(Task directions) Exactly the lines below starting at the line with "105 Baker Lane, Sterling VA 20164" and ending at the line with "Connor Horton - @connorhorton48 - TikTok" are wanted, with both ends included. Leave out the pictures and add no other lines.
** Data extract follows **
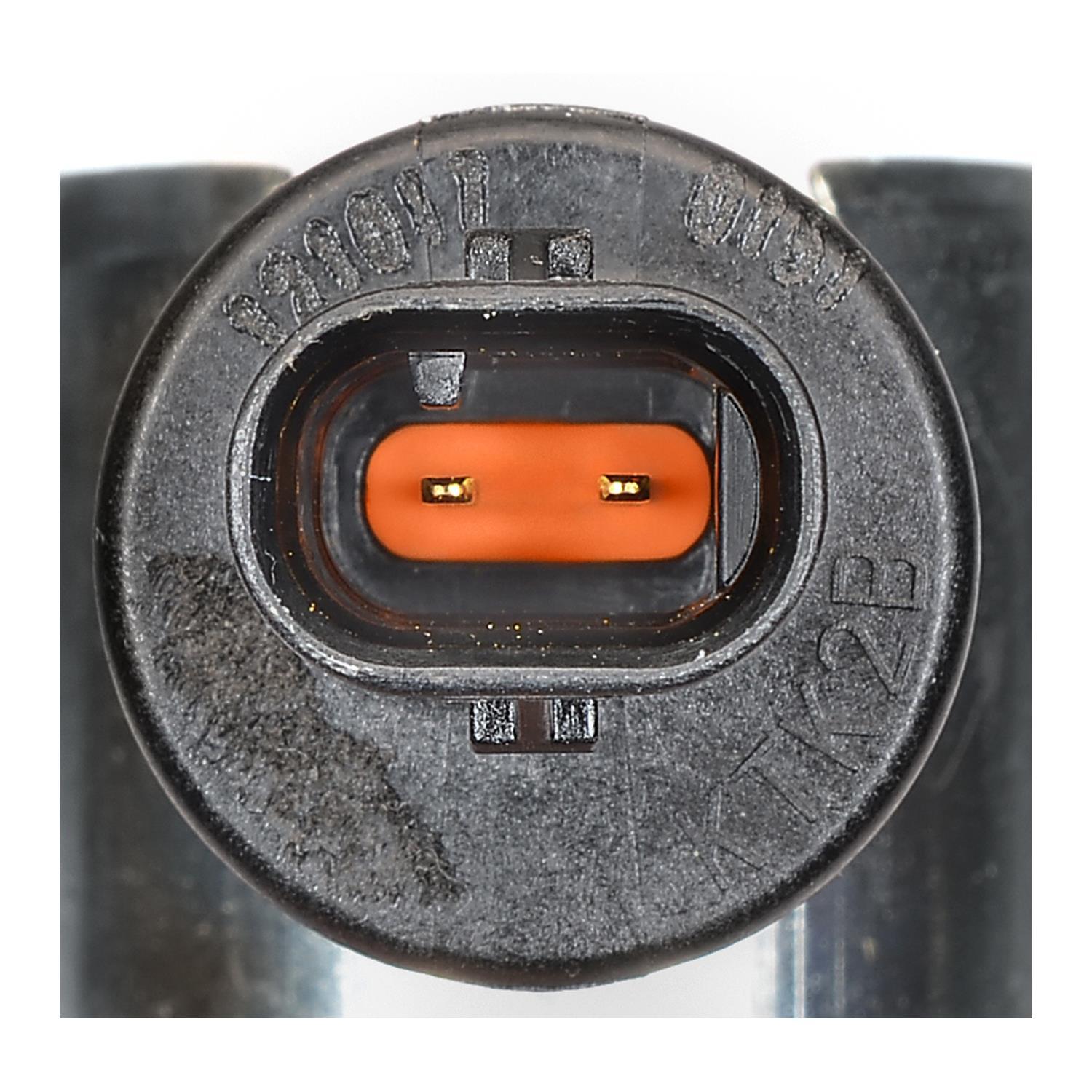 BWD VV1008 - Engine Variable Timing Solenoid BWD VV1008 Engine Variable Timing Solenoid product image 2 of 6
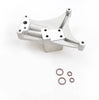 Image of Rudy's High Flow Non-EBPV Turbo Pedestal For 94-97 7.3 Powerstroke
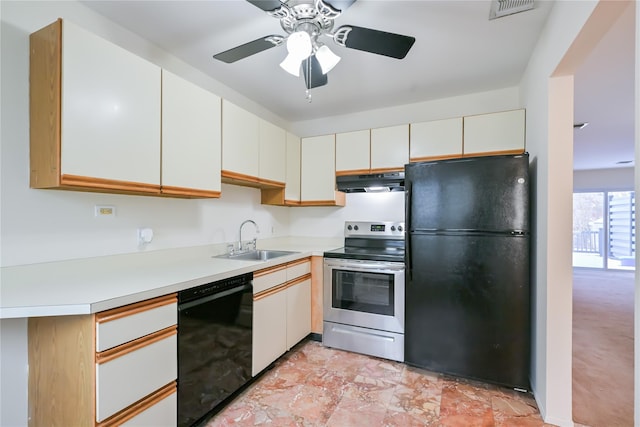 12 Cornwallis Ct, Coram, NY 11727 - photo 9
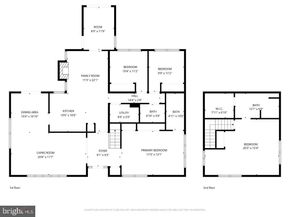 105 Baker Lane, Sterling VA 20164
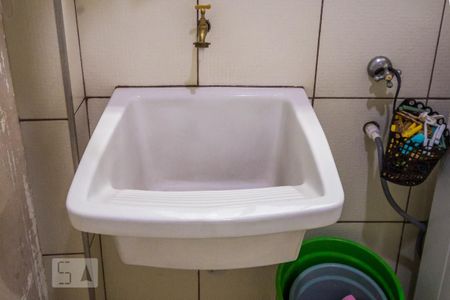 Apartamento à venda com 96m², 3 quartos e 1 vagaÁrea de Serviço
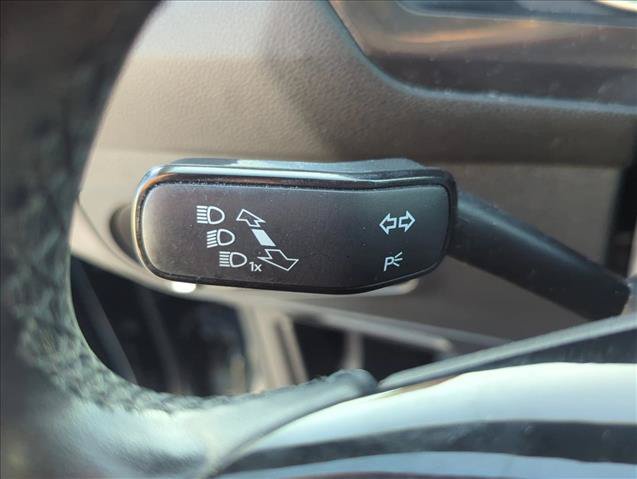 Used 2019 Volkswagen Tiguan SE w/ Panoramic Sunroof Package FWD image 15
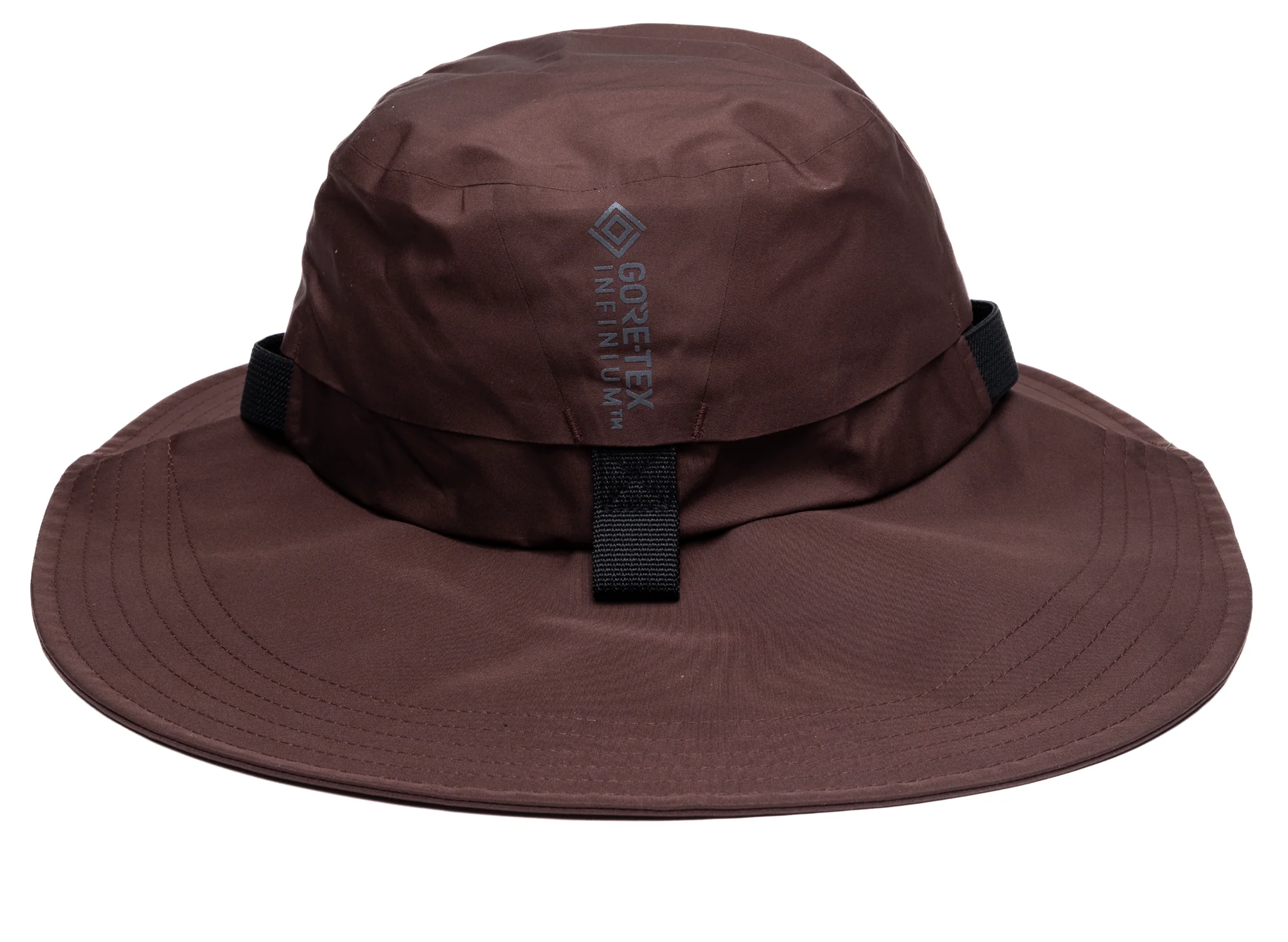 Nike Apex Bucket WB ACG Hat - Image 2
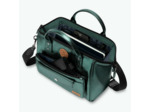 Cabaïa Crossbody Sac Porté Travers M Lucerne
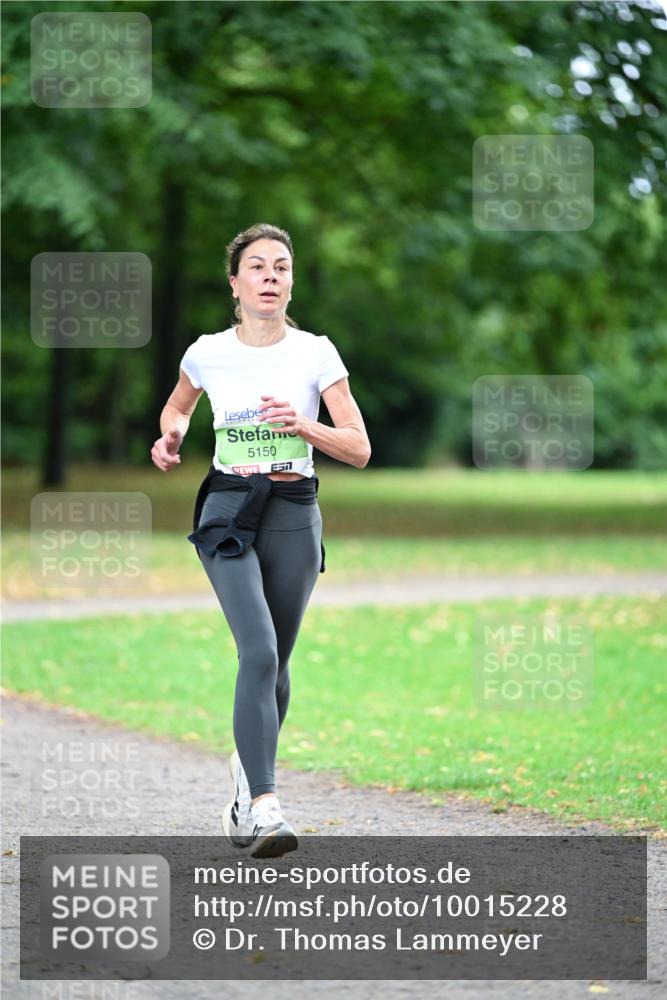 30.08.2026 - Blankeneser Heldenlauf Dr. Thomas Lammeyer http://msf.ph/oto/10015228 30.08.2026 09:55:08 Laufen 5150 meine-sportfotos.de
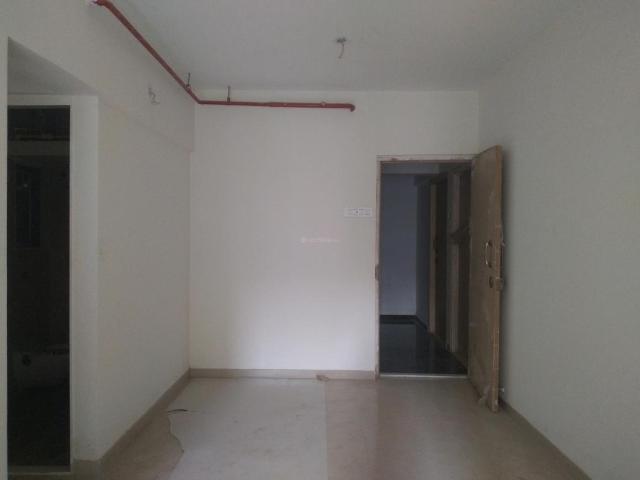 1 BHK Apartment in Naigaon East for resale Naigaon. The reference number is 20427782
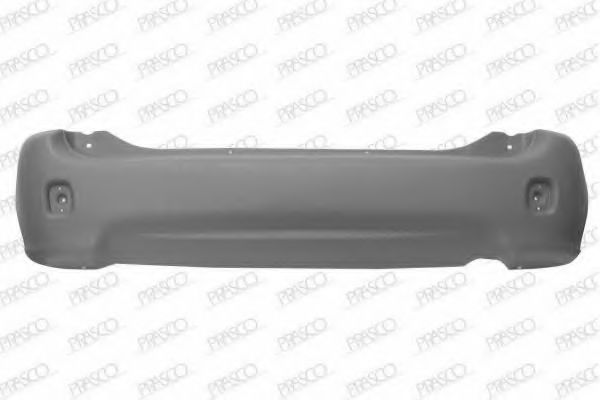 PRASCO HN3201050OE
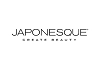 Logo of Japonesque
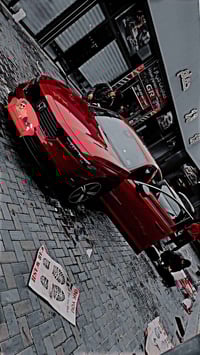 اكورد • حادث • ٢٠٢٣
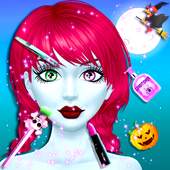 Zombie Makeover 1.0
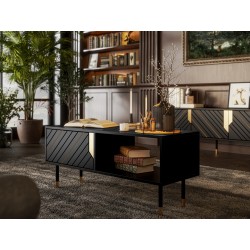 Miniaturbild von Couchtisch Maramax 110
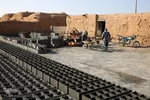 آب به بشیرآباد رسید
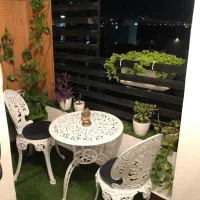 بازسازی-شده-و-خوش-نقشه-مهرشهر-میلاد4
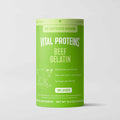 Beef Gelatin - Unflavored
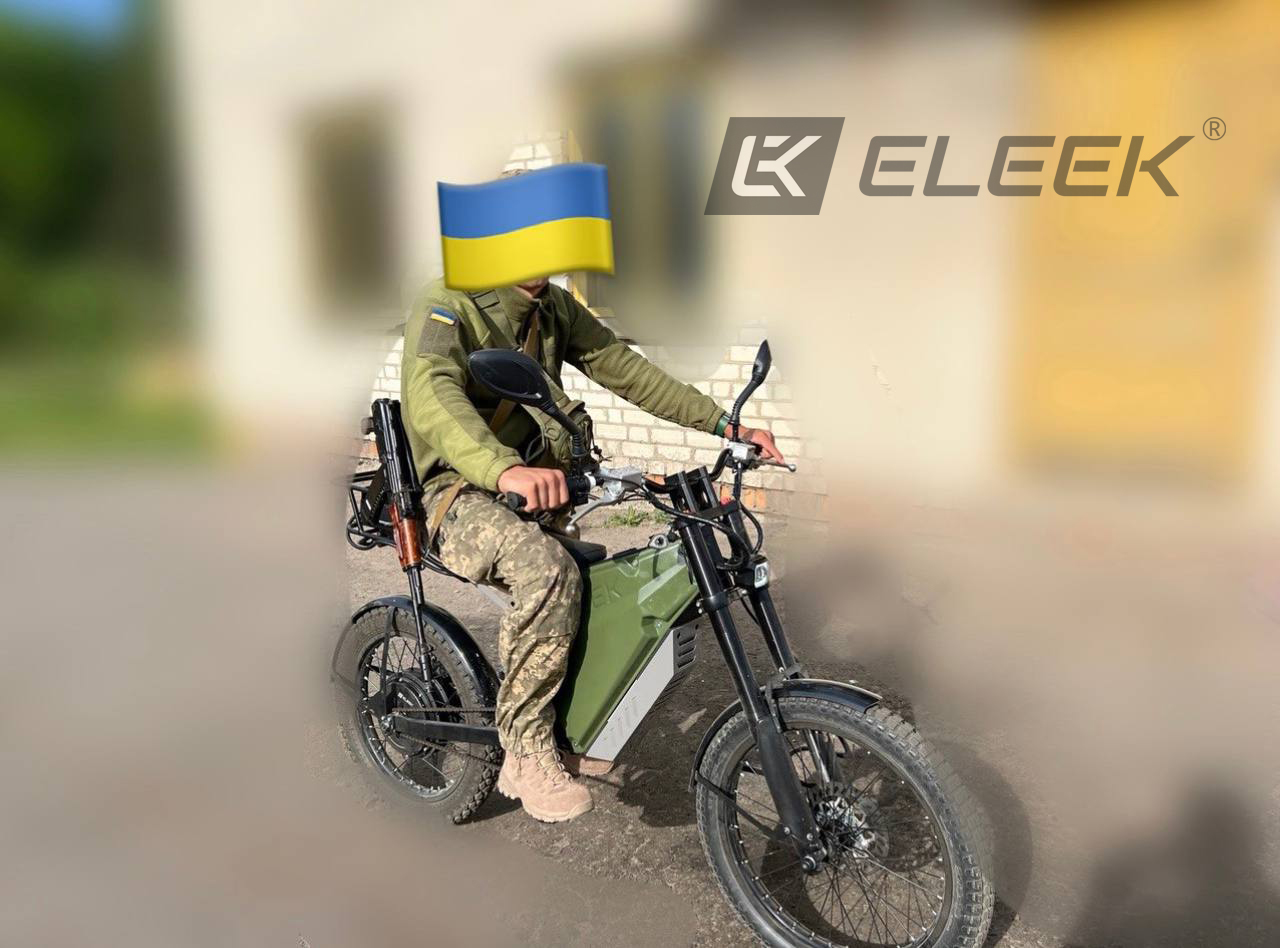 elektroaufsatz für hinterrad fahrrad neuheit aus ukraine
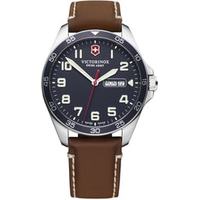 Victorinox Fieldforce 241848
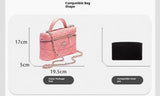 25C Makeup Case Liner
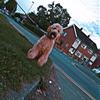 Connor Horton - @connorhorton48 - TikTok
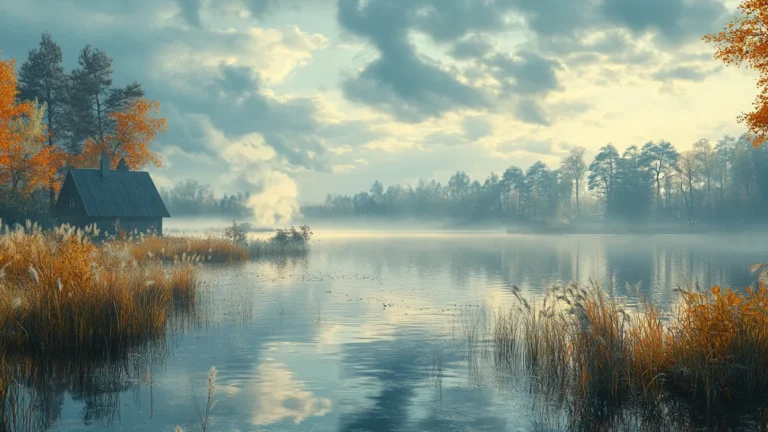 Czy agroturystyka jest otwarta?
** End of Data extract **
(Answer to this task)
 105 Baker Lane, Sterling VA 20164
 Apartamento à venda com 96m², 3 quartos e 1 vagaÁrea de Serviço
 Used 2019 Volkswagen Tiguan SE w/ Panoramic Sunroof Package FWD image 15
 Nike Apex Bucket WB ACG Hat - Image 2
 Cabaïa Crossbody Sac Porté Travers M Lucerne
 30.08.2026 - Blankeneser Heldenlauf Dr. Thomas Lammeyer http://msf.ph/oto/10015228 30.08.2026 09:55:08 Laufen 5150 meine-sportfotos.de
 1 BHK Apartment in Naigaon East for resale Naigaon. The reference number is 20427782
 PRASCO HN3201050OE
 Logo of Japonesque
 اكورد • حادث • ٢٠٢٣
 Zombie Makeover 1.0
 Miniaturbild von Couchtisch Maramax 110
 آب به بشیرآباد رسید
 بازسازی-شده-و-خوش-نقشه-مهرشهر-میلاد4
 Beef Gelatin - Unflavored
 elektroaufsatz für hinterrad fahrrad neuheit aus ukraine
 Victorinox Fieldforce 241848
 25C Makeup Case Liner
 Connor Horton - @connorhorton48 - TikTok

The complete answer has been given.